Here’s the opinion’s relevant portion (relevant, that is, to this blog):
In re Neagle involved an affair, a homicide, and a habeas petition. In 1883, Sarah Althea Hill claimed to be the wife of U. S. Senator William Sharon and sought a share of his fortune in acrimonious California divorce proceedings. Sharon admitted an affair but insisted that Hill had forged the pair’s handwritten marriage contract. Hill hired David Terry to represent her. A former Chief Justice of the California Supreme Court, Terry had resigned that post after killing (another) U. S. Senator in a duel. As the litigation wore on, lawyer and client married.
Eventually, the dispute between Hill and Sharon wound up before U. S. Supreme Court Justice Stephen Field while he was riding circuit. Terry and Justice Field were no strangers, having served together on the California Supreme Court. Even so, Justice Field issued a devastating ruling against Hill. As he announced his decision, Hill leapt from her seat, denounced the Justice as “bought,” and had to be carried from the courtroom. Joining the fracas, Terry punched a marshal and brandished a bowie knife. Even after the couple spent time in jail for contempt, they continued to issue threats against Justice Field.
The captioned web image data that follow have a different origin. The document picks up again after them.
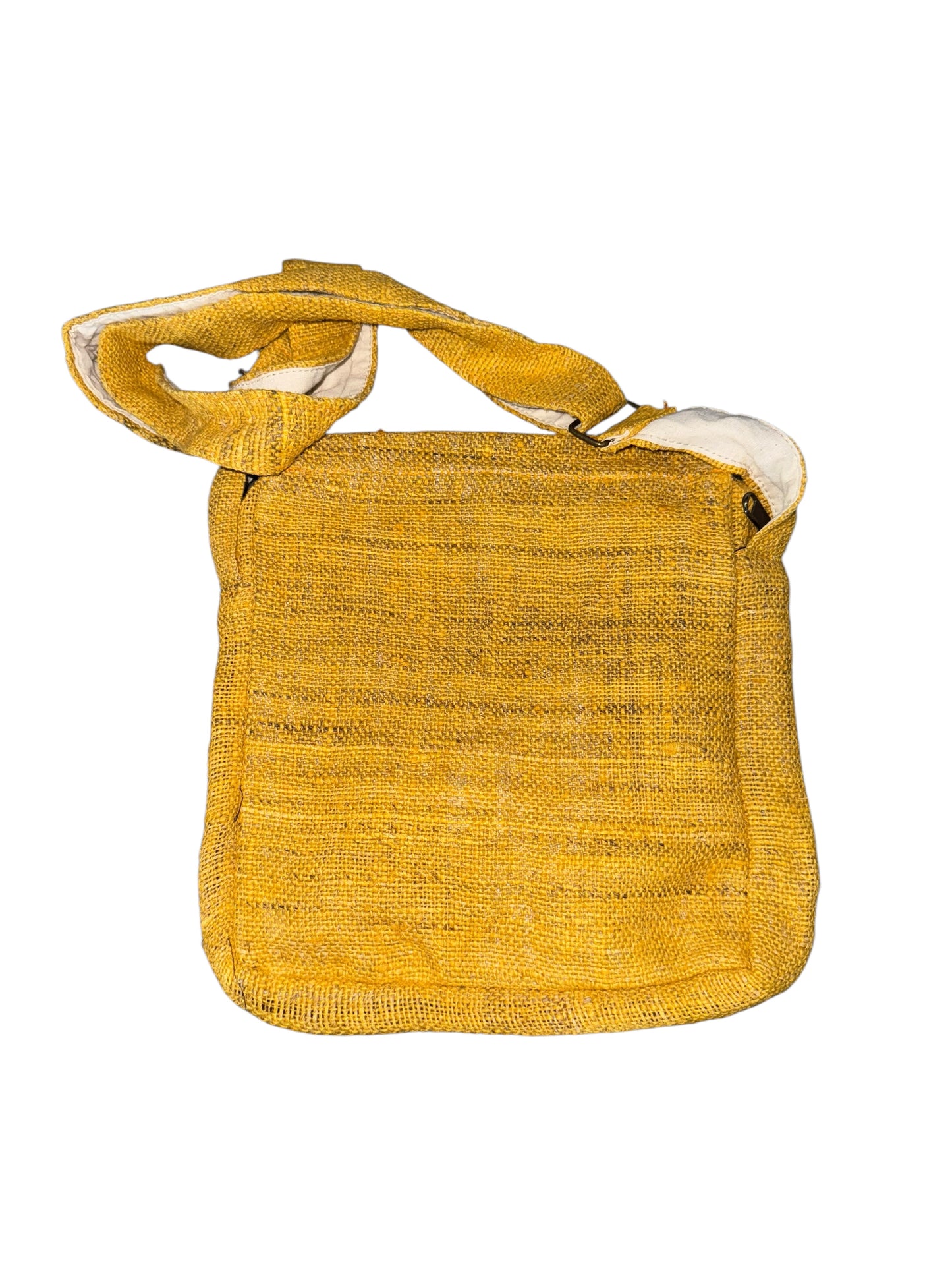 Yellow woven crossbody bag with adjustable strap isolated on white background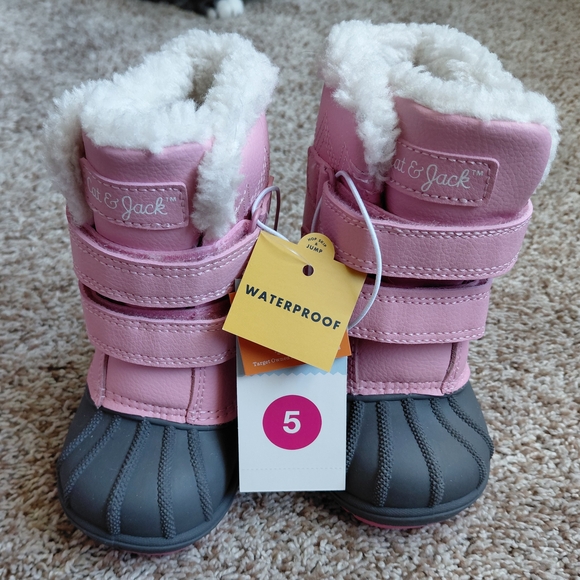 Pink Cat & Jack Toddler Girls Winter Boots Size 5 NWT - Picture 1 of 4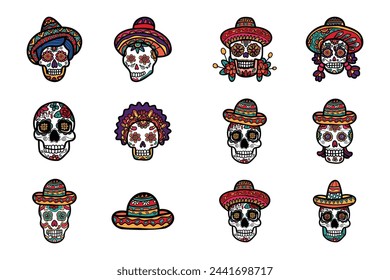 calavera mexican skull hand drawn illustration on background set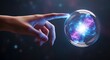 © Mohammad - A hand touching a glowing sphere filled with nebula like colors against a dark background scene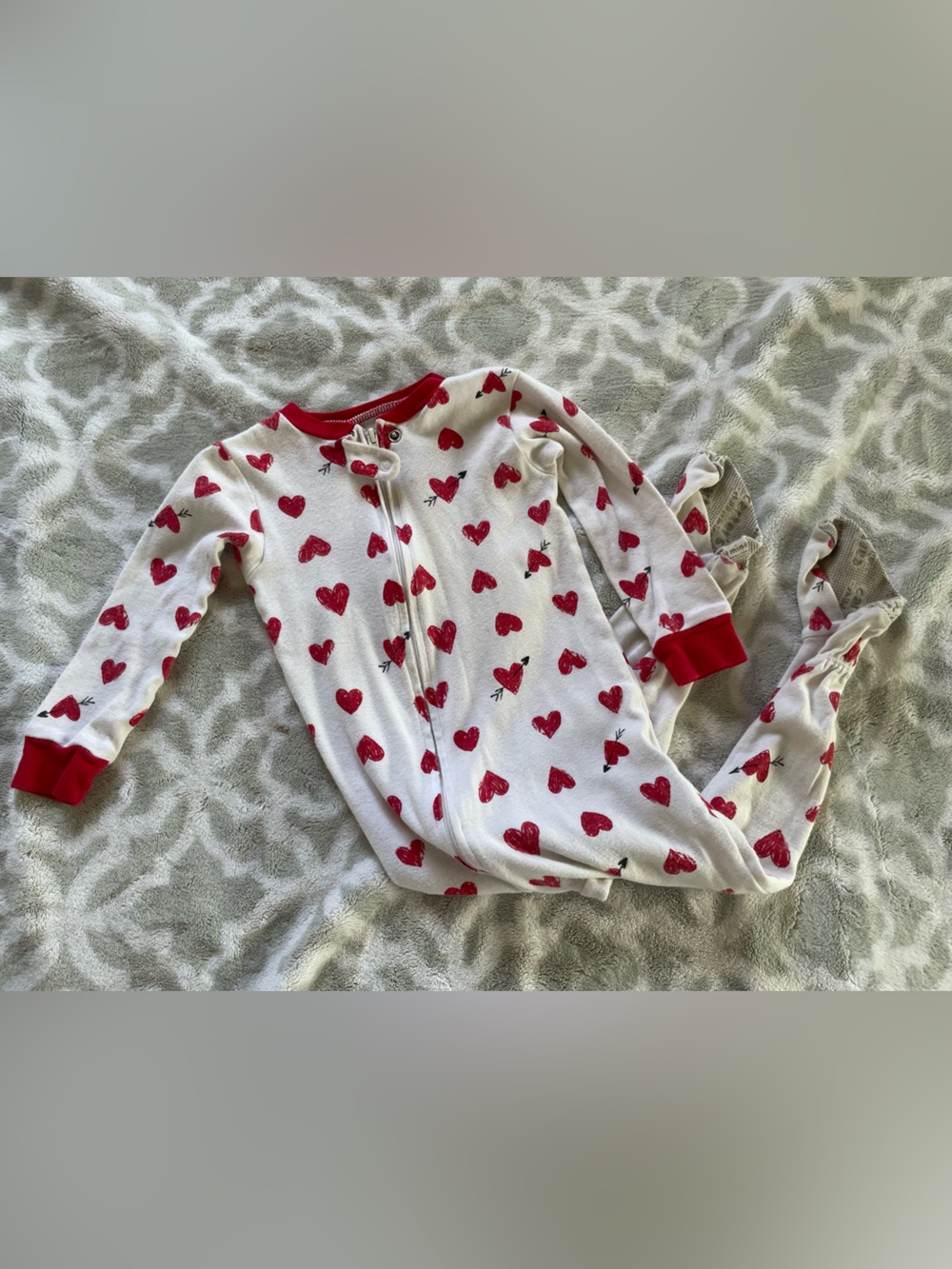 Carter's White Footed One-Piece Pajamas with Red Hearts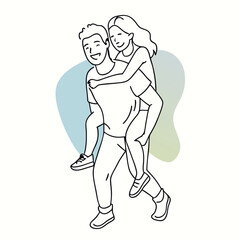 Fototapeta premium a black and white line drawing of a man carrying a woman on his back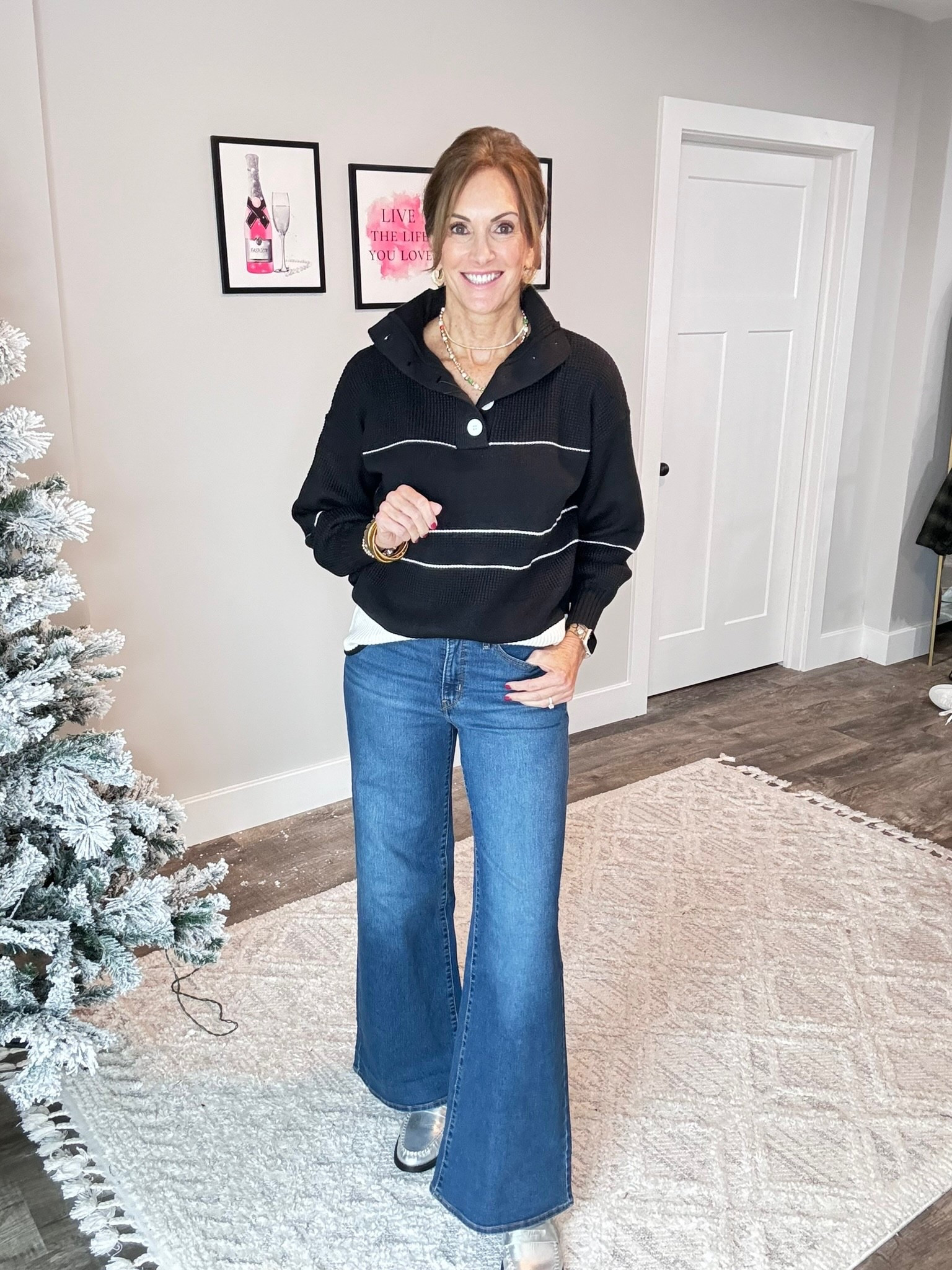 Shopping for Christmas gifts style! 
Wearing a super soft Henley sweater (oversized and wearing a size M. Recommend sizing down for a tighter fit). My jeans are a 29. 


Women’s fashion, outfit inspo, outfit ideas, what to wear for, fashion over 40, fashion over 50, fall outfit ideas, winter fashion, winter styles, winter outfits, winter outfit inspo, holiday styles, holiday outfits, holiday outfit inspo, holiday fashion, trending fashion, chic style, new years outfit, New Year’s Eve outfit 






#LTKootd #LTKOver40 #LTKHoliday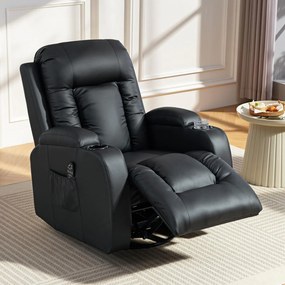 Homcom Fotoliu Masaj &amp; incalzire – 8 Zone, Piele Eco, inclinabil 150° | Aosom Romania
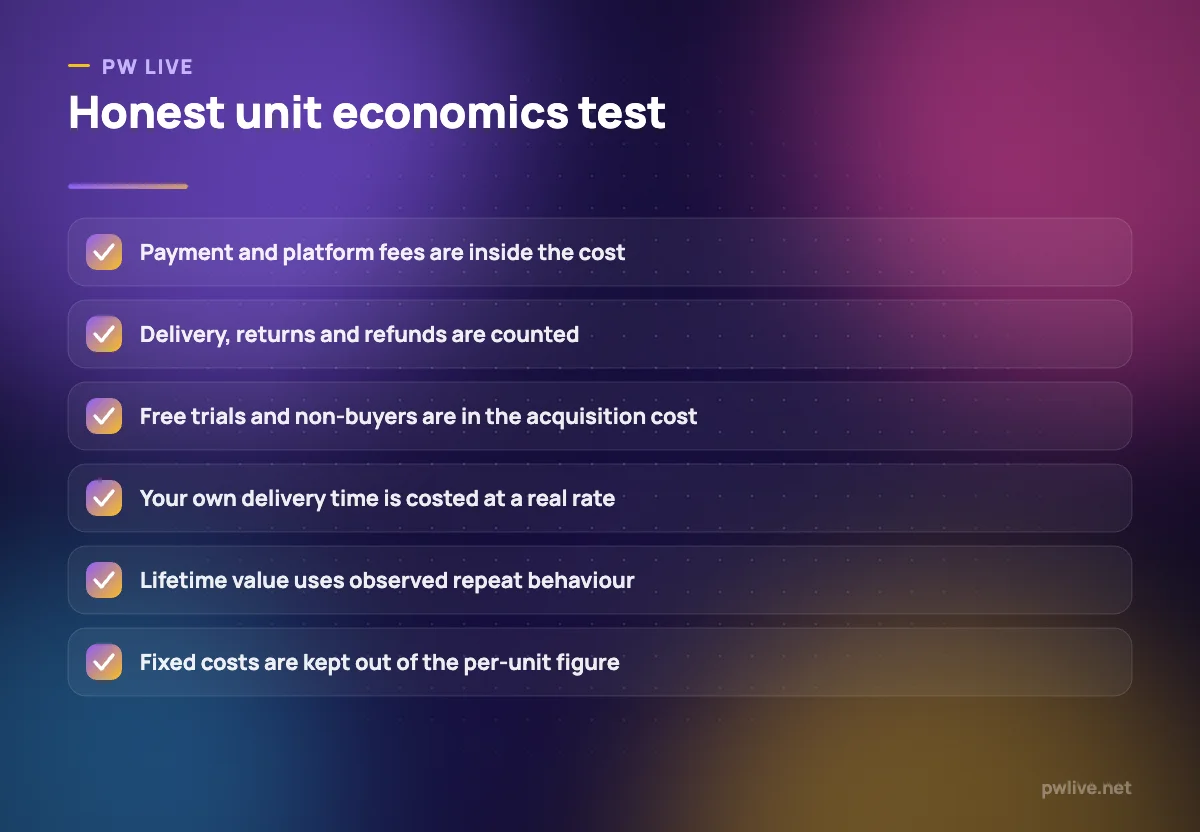 Checklist of six checks for honest unit economics.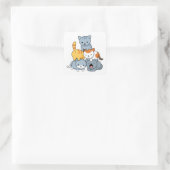 Katzenpyramide - Gruppe von Katzen Quadratischer Aufkleber (Tasche)
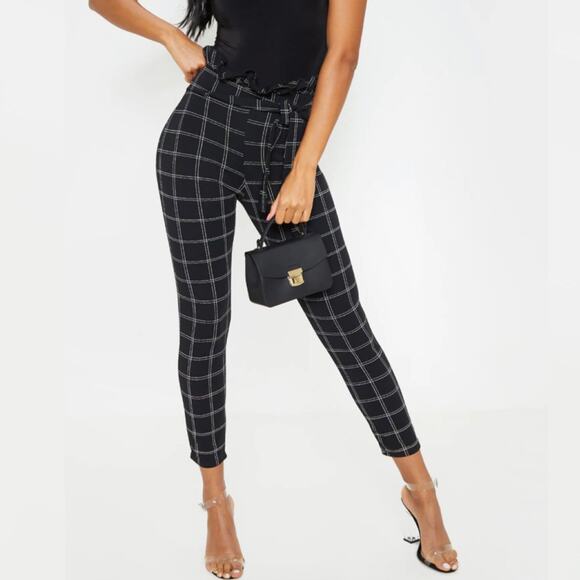 PrettyLittleThing Tweed Check Paperbag Pants Plaid Size 4 Formal Chic - Picture 1 of 9
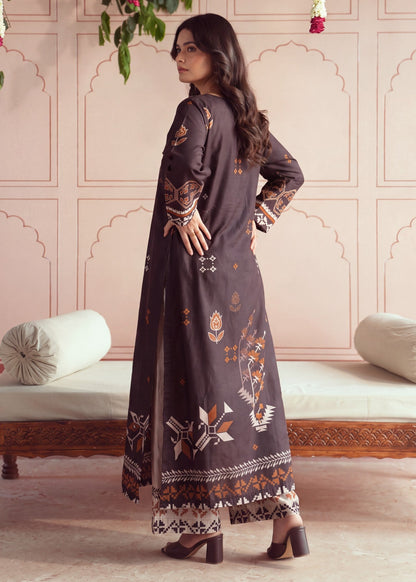 Brown Embroidered Lawn Salwar Kameez Online in KSA Riyadh Saudi Arabia Oman Bahrain Qatar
Those events found their way into the U. S. Reports this way. Aware of the threat Hill and Terry posed, the U. S. Attorney General ordered Deputy Marshal David Neagle, a former chief of police in Tombstone, Arizona, to accompany Justice Field when he next rode circuit in California. That decision proved prescient, for Terry soon cornered the Justice on a train and attacked him. Intervening to protect the Justice, Neagle shot and killed Terry. After the shooting, California authorities arrested Neagle and began prosecuting him for murder. Neagle countered by filing a petition for a writ of habeas corpus in federal court seeking his release.
(Citations and a footnote omitted.)
As the Martin opinion explains, the Court in Neagle held that “the Supremacy Clause shielded [the deputy marshal] from state criminal charges.” It then concludes, “Memorable as In re Neagle may be, we do not see how it informs the prosaic task of applying the FTCA.”